To overcome this problem, modernising western societies needed to create
or strengthen an alternative centre of public power completely separate
from the church. The rigidity of the demand here is unmistakable - mutual
exclusion (a wall , as Thomas Jefferson famously put it) between the two
relevant institutions, one intrinsically and solely public and the other
expected to retreat into the private domain and remain there. The individualist
underpinnings of this view are fully evident.
This classic, western conception of secularism was designed to solve
the internal problem of a single religion with different heresies - Christianity.
It also appeared to rest on an active hostility to the public role of
religion and an obligatory, sometimes respectful indifference to whatever
religion does within its own internal, privatedomain. As long as it is
private, the state is not meant to interfere.

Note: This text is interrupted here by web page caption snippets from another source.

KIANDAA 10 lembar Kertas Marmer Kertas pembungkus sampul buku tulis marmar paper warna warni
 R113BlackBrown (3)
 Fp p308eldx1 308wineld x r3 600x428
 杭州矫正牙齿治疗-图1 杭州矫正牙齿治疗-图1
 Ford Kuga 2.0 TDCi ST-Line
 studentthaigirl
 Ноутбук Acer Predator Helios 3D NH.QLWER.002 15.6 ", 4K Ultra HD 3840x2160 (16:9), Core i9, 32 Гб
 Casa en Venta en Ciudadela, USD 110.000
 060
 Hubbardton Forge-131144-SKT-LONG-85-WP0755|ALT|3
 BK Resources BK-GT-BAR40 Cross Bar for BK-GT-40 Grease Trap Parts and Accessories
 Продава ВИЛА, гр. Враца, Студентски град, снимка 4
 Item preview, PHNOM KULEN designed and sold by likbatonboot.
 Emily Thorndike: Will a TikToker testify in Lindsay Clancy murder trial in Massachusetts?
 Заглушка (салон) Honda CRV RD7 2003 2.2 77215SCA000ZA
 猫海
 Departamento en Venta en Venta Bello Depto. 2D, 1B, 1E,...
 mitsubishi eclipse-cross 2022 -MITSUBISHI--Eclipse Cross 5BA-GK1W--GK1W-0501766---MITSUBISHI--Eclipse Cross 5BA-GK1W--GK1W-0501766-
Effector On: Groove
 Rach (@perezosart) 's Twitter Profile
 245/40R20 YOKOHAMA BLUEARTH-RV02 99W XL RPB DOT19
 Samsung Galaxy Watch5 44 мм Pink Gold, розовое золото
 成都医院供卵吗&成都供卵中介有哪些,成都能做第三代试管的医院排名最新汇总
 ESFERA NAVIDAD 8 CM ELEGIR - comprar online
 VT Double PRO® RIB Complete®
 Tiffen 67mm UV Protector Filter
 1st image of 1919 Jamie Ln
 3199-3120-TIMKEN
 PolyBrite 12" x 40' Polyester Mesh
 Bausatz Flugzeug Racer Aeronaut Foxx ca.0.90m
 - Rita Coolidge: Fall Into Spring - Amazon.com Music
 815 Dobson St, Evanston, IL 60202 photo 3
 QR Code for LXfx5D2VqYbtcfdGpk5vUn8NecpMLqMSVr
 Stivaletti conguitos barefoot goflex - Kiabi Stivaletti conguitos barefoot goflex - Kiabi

It is now increasingly clear that this form of western secularism has
persistent difficulties in seeking to cope with community-oriented religions
that demand a public presence, particularly when they begin to multiply
in society. This individualistic, inward-looking secularism is already
proving vulnerable to crisis after crisis. The rigid response of the French
republican state to the hijab issue, and the more ambiguous response of
the German state to the demand by Turkish Muslims for the public funding
of their educational institutions, may be only harbingers of clashes to
come.
Which way will these western societies go? Will they become even more
dogmatic in their assertions about their strict-separation secularism;
or, in view of changed circumstances, will they abandon it in favour of
an unashamed embrace of their majoritarian religious character founded
on an official establishment? Or could they not work out a better form
of secularism which addresses these new demands without giving up the
values for which the original was devised?
Most important of all, is it not worth asking if such an alternative
exists already?
I think it does - a conception not available as a doctrine or a theory
but worked out in the subcontinent and available loosely in the best moments
of inter-communal practice in India; in the country’s constitution
appropriately interpreted; and in the scattered writings of some of its
best political actors.
The Indian model
Six features of the Indian model are striking and relevant to wider discussion.
First, multiple religions are not extras, added on as an afterthought
but present at its starting-point, as part of its foundation.
Second, it is not entirely averse to the public character of religions.
Although the state is not identified with a particular religion or with
religion more generally (there is no establishment of religion), there
is official and therefore public recognition granted to religious communities.
Third, it has a commitment to multiple values - liberty or equality,
not conceived narrowly but interpreted broadly to cover the relative autonomy
of religious communities and equality of status in society, as well as
other more basic values such as peace and toleration between communities.
This model is acutely sensitive to the potential within religions to sanction
violence.
Fourth, it does not erect a wall of separation between state and religion.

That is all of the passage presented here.